++++ Task input

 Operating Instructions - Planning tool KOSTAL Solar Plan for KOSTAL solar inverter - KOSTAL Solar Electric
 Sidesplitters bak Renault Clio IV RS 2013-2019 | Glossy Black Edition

++++++++
++++ Task input

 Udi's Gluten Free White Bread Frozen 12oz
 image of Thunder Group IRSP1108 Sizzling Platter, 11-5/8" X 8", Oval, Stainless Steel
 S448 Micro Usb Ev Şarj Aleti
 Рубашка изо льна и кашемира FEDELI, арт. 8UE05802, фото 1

++++++++

Scan the records above for the lines holding "Operating Instructions - Planning" and "Sidesplitters bak Renault". Transcribe those two and every line between them word for word, and no others.

Task response =>
 Operating Instructions - Planning tool KOSTAL Solar Plan for KOSTAL solar inverter - KOSTAL Solar Electric
 Sidesplitters bak Renault Clio IV RS 2013-2019 | Glossy Black Edition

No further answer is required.